The canny bit of marketing is part of a reported $750,000 campaign by Generation Opportunity, an anti-Obamacare group backed by the billionaire conservative donors Charles and David Koch, to convince young adults that their best option is to remain uninsured once the health care law kicks in next year.
What’s most notable about the ads – besides the unfortunately positioned patriotic symbol – is who they target. Young adults are crucial to the ACA’s success. The law’s state-based health insurance marketplaces, called exchanges, will keep premiums affordable only if enough young, healthy people sign up for coverage to offset the cost of insuring older and sicker enrollees. The White House has said the exchanges will need to enroll 2.7 million healthy 18-25-year-olds to remain solvent.
According to Yahoo!

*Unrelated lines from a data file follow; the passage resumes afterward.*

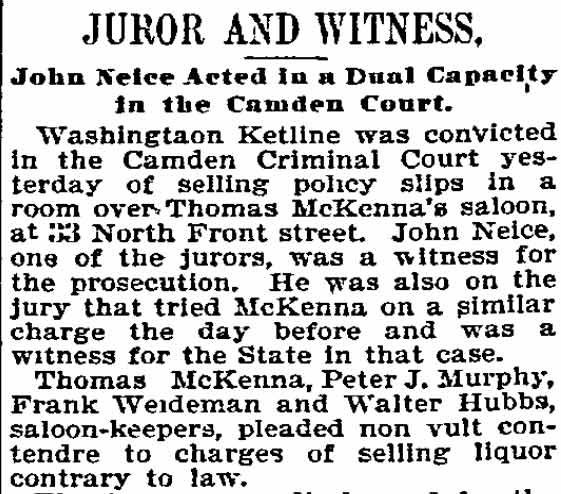 Juror and Witness — John Neice, Philadelphia Inquirer, November 23, 1894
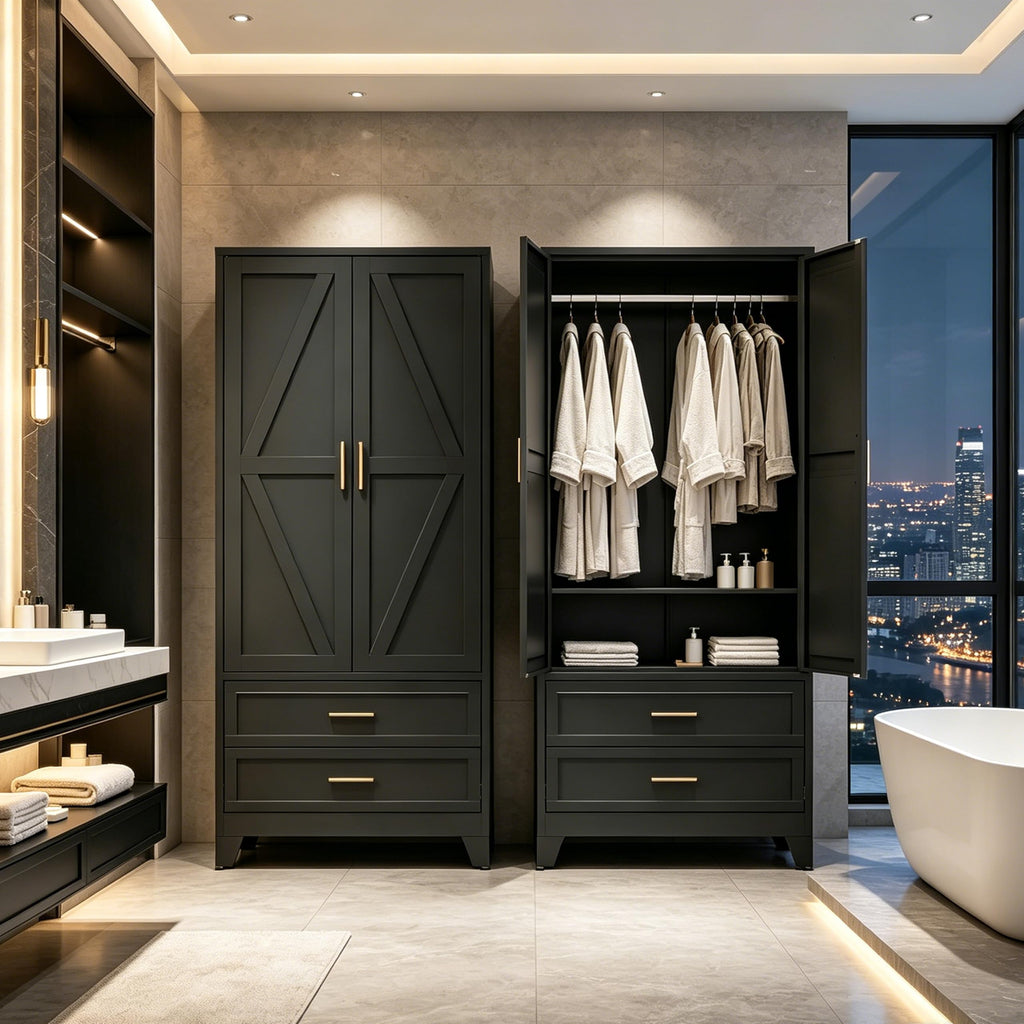 71" H Black Armoire Wardrobe Closet with Drawers, Metal Wardrobe Closet with Doors and Shelves, Tall Wardrobe Closet
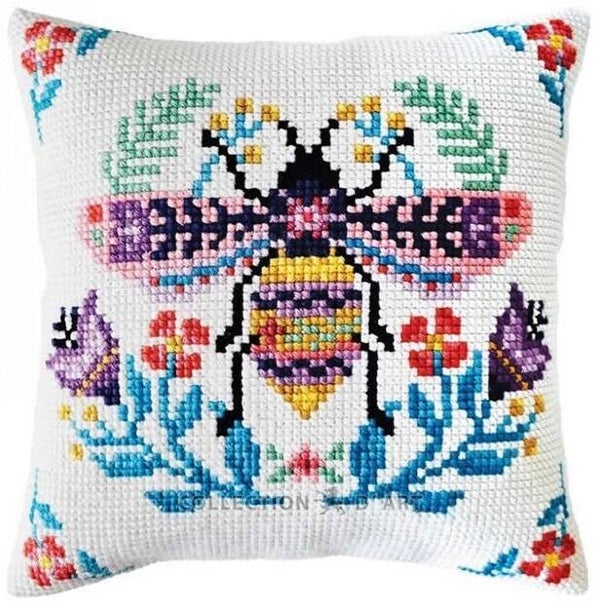 Kussen Borduurpakket - Flower Bee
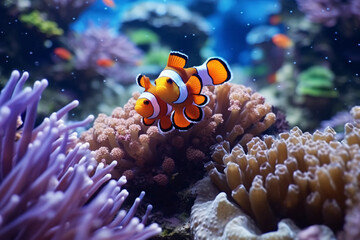 Wall Mural - Underwater Life: Clownfish in Aquarium, Anemone, and Reef
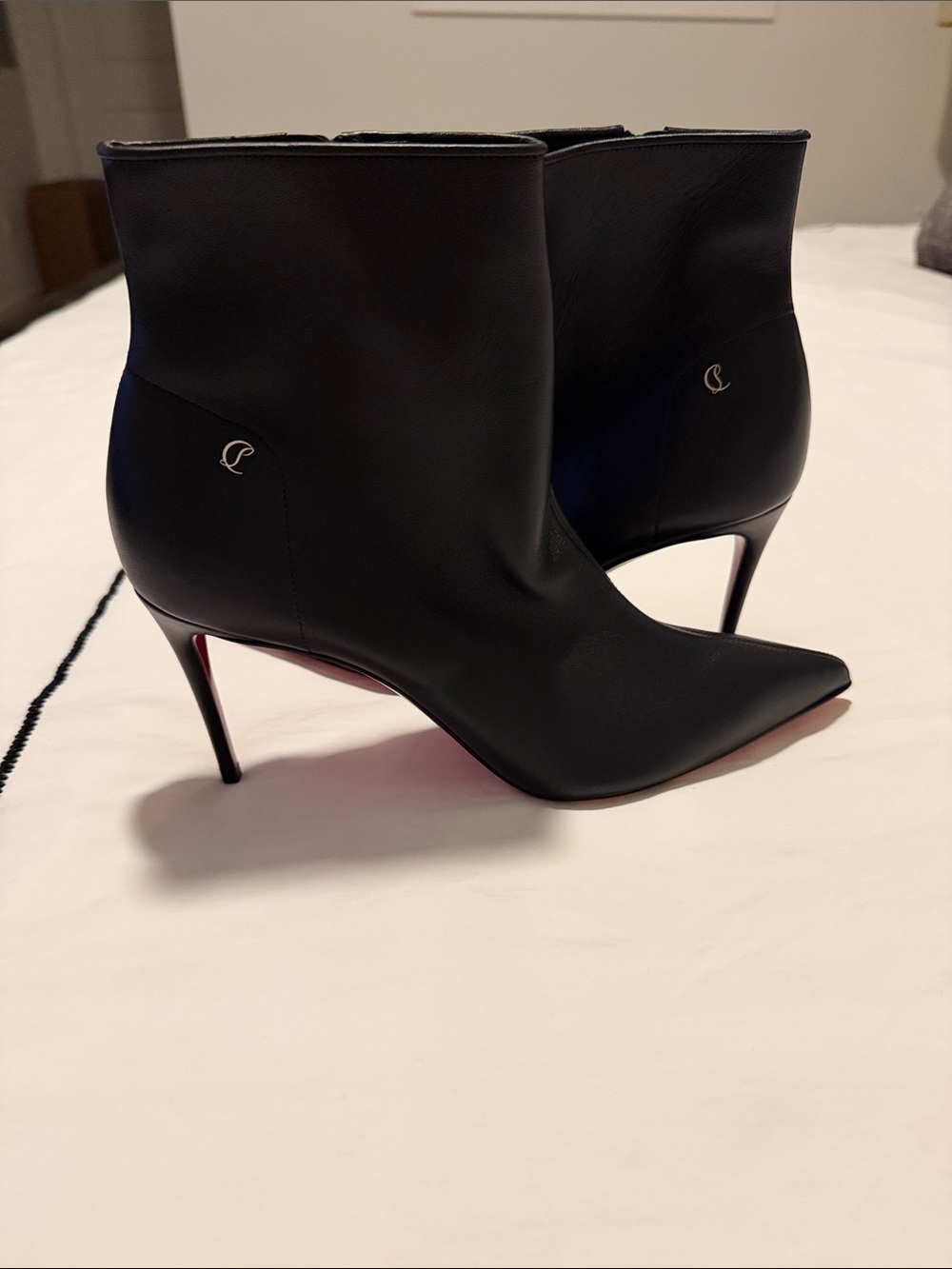 Christian Louboutin Black Pointed Toe Stiletto Ankle Boots - Women's
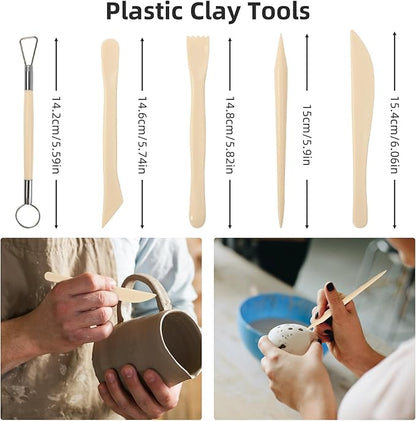 AULEEP Clay Tools Kit, 35 PCS Pottery Tools Set - Polymer Clay Sculpting Tools for Adults & Beginners, Air Dry Clay Tools for Pottery Craft, Drawing, Dotting, Carving, Embossing, Molding, Shaping ﻿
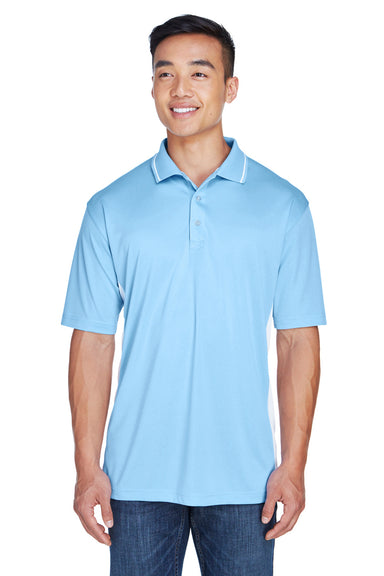 UltraClub 8406 Mens Cool & Dry Moisture Wicking Short Sleeve Polo Shirt Columbia Blue/White Front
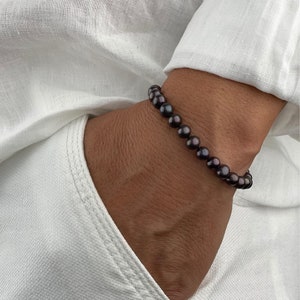 Zwarte parelarmband | Parelarmband heren | Zoetwaterparelarmband voor heren | Cadeaus voor mannen | Geknoopte parelarmband | Cadeau-idee voor mannen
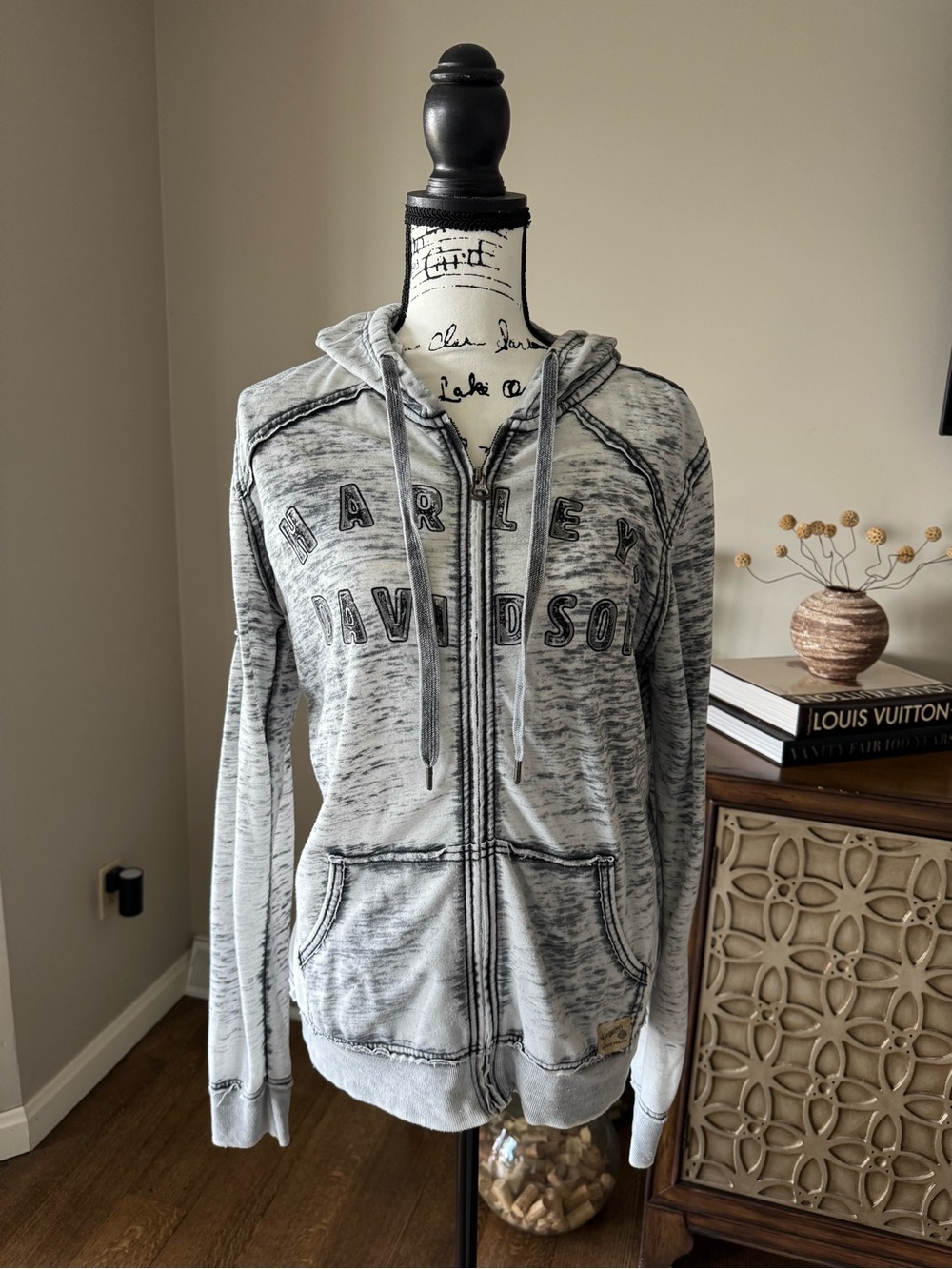 Harley-Davidson Heather Gray Patch Zip-Up Hoodie XL Vintage Adorable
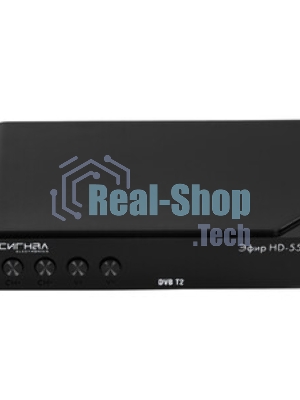 Ресивер эфирный цифровой DVB-T2 HD HD-555 пластик, дисплей, Эфир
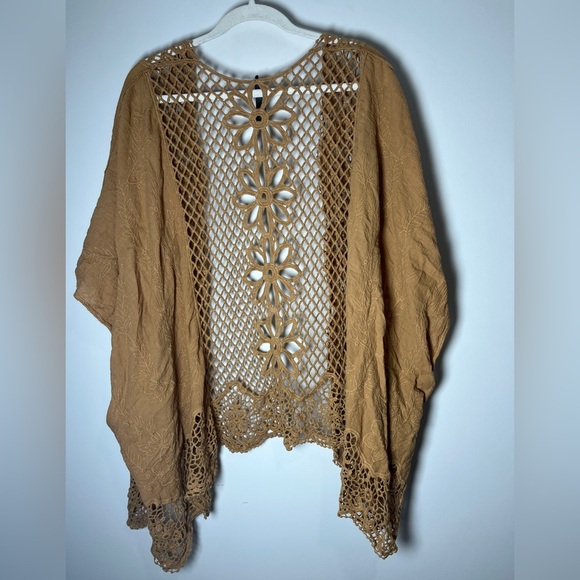 Torrid Crochet Embroidered Ruana with Sleeves Camel Kimono Coverup Size O/S - Picture 5 of 11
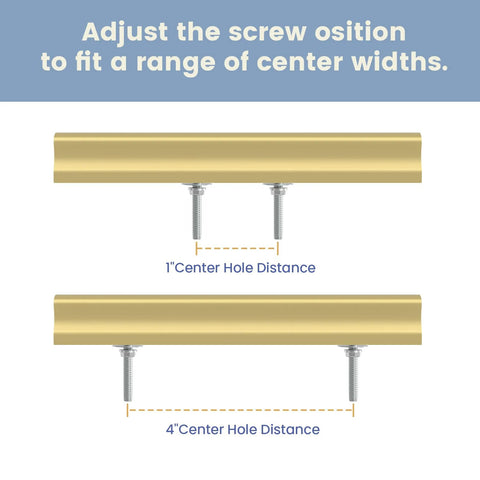 10 Pack Adjustable Cabinet Drawer Pulls 102mm 4 Inch Brushed Brass Drawer Handles with adjustable hole spacing diagram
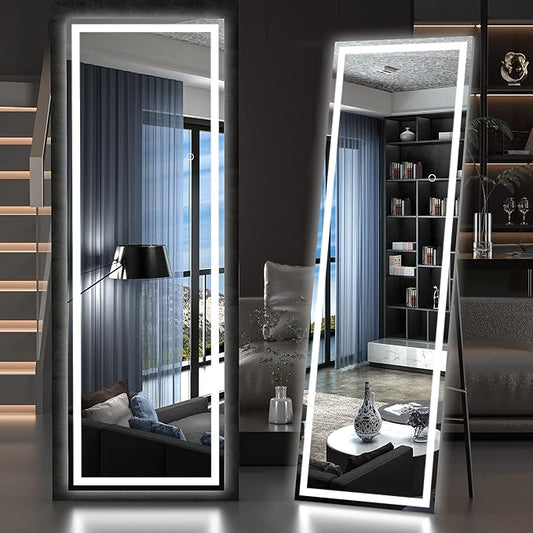 Hasipu Full Length Mirror with Lights, 65" x 20" LED Floor Mirror, Full Body Dressing Standing, Hanging Mounted Mirror for Living Room Bedroom Cloakroom, Square Black-DeskLoop Office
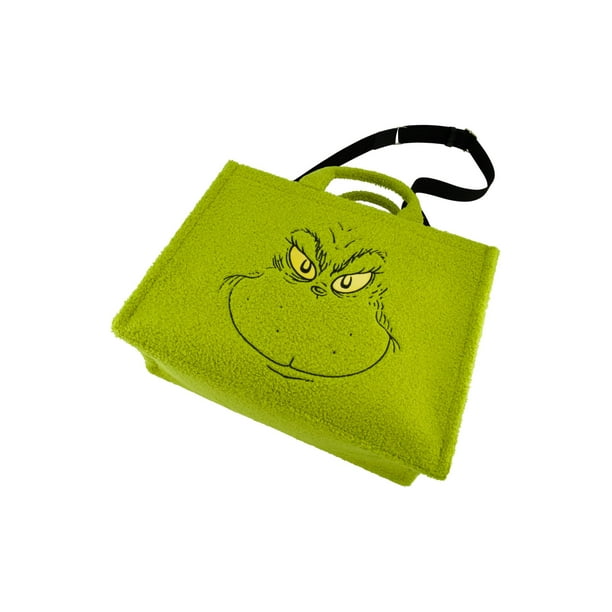 Dr. Seuss The Grinch Tote Bag, Faux Fur Travel Handbag with Adjustable Shoulder Strap and Trolley Sleeve, Green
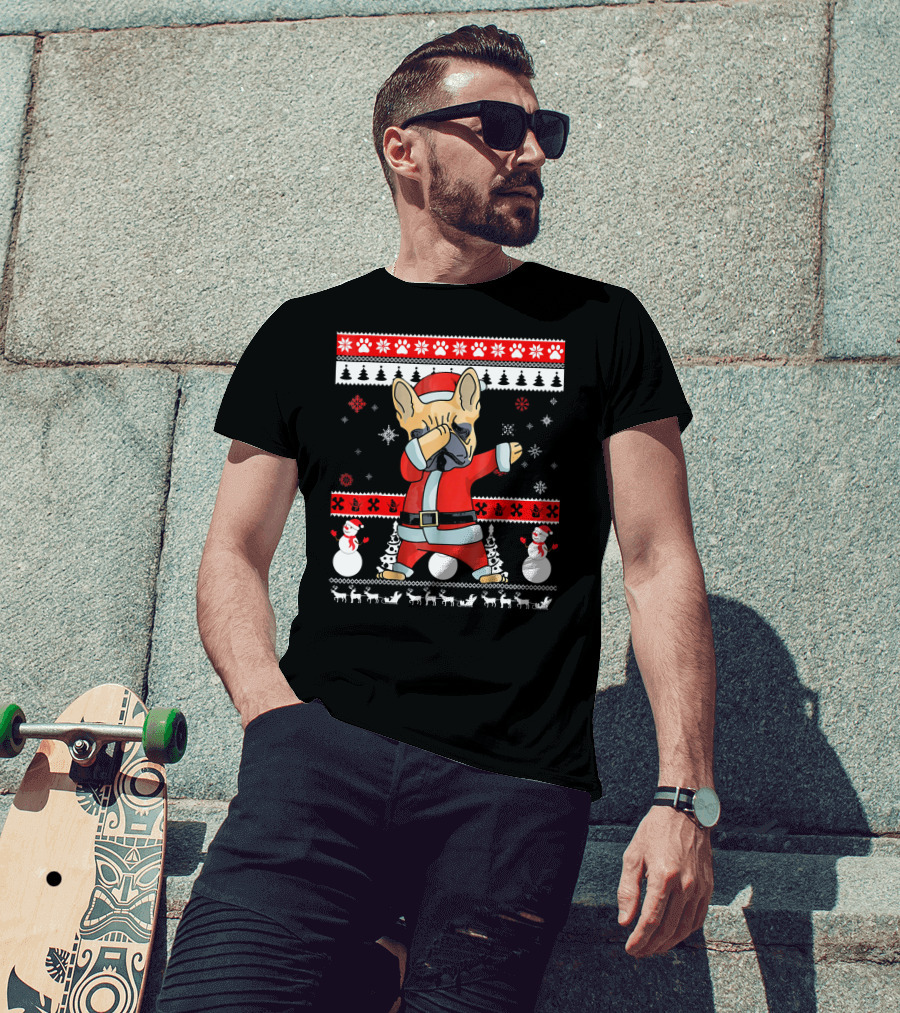 French Bulldog Christmas Frenchie Santa Dabbing Ugly T-Shirt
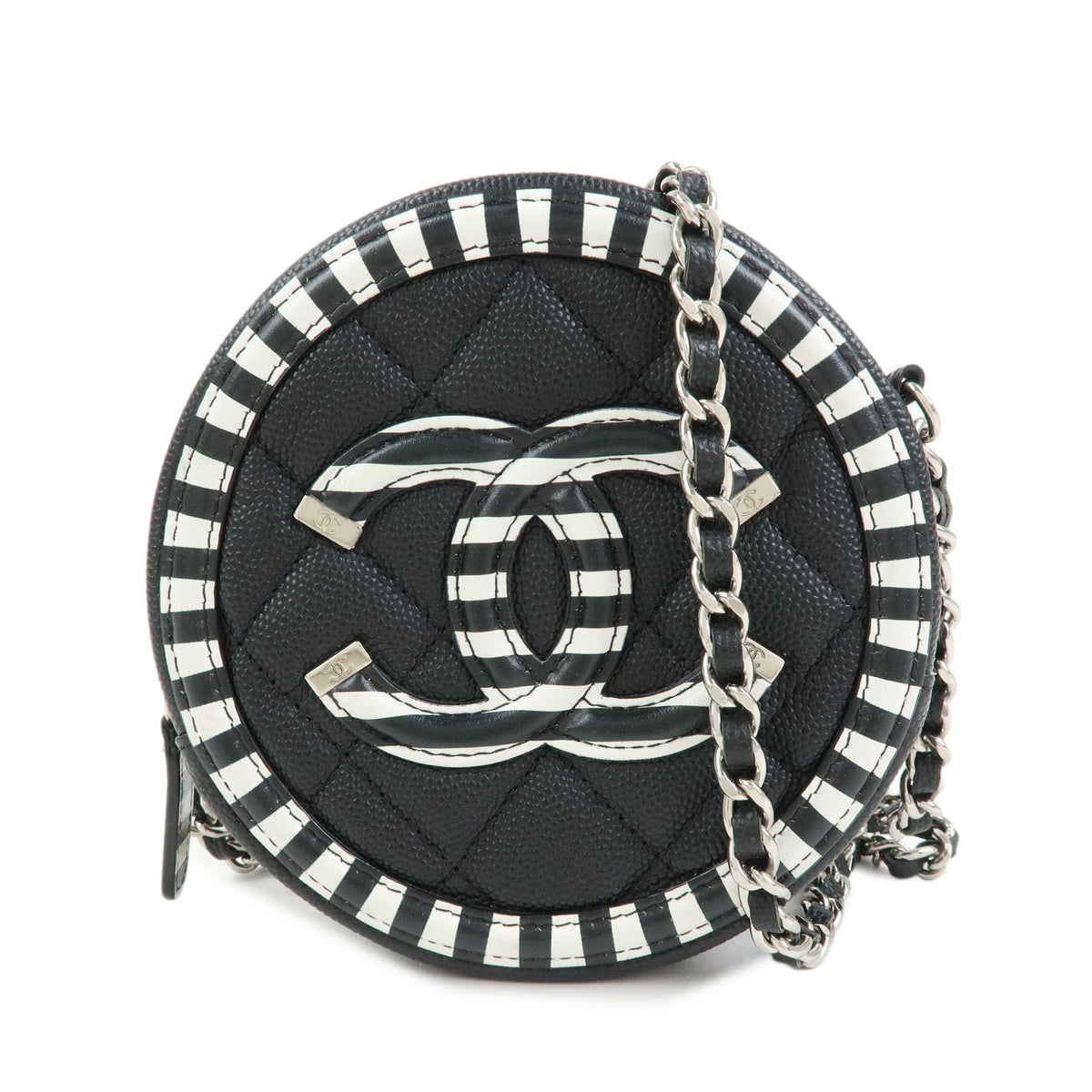 CHANEL CC Filigree Caviarskin Chain Leather Round Shoulder Bag AP0365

News, Generation Opportunity is planning a series of campaigns on college campuses, replete with a game that includes a “Wheel of Misery” and “informative palm cards,” as a counter-effort to groups working to enroll young people in the exchanges. Generation Opportunity’s staff is packed with conservative recent college graduates and some more experienced political hands, including a failed 2012 congressional candidate from Pennsylvania and a former vice president of Americans United for Life.
Some young people could spend less by paying a penalty for not having insurance under Obamacare than what it will cost to buy coverage. But new federal subsidies will dramatically cut the cost of coverage for individuals earning up to about $44,000 per year and low-cost, high-deductible plans often favored by the young and healthy will be available to those under 30. Older Americans, by contrast, will need more comprehensive coverage to avoid paying federal fines for not having insurance.
Persuading younger, generally healthy people that they don’t need insurance is an acknowledgment by conservatives that their only true hope of sinking Obamacare is to try and make it function poorly. House Republicans are poised to pass a stopgap spending measure this week that will tie funds to keep the government running to a measure that would defund Obamacare. With the Senate under Democratic control, the effort amounts to little more than political theater. Campaigns like Generation Opportunity’s represent the real new front in the fight over Obamacare: persuading young people to opt in or out.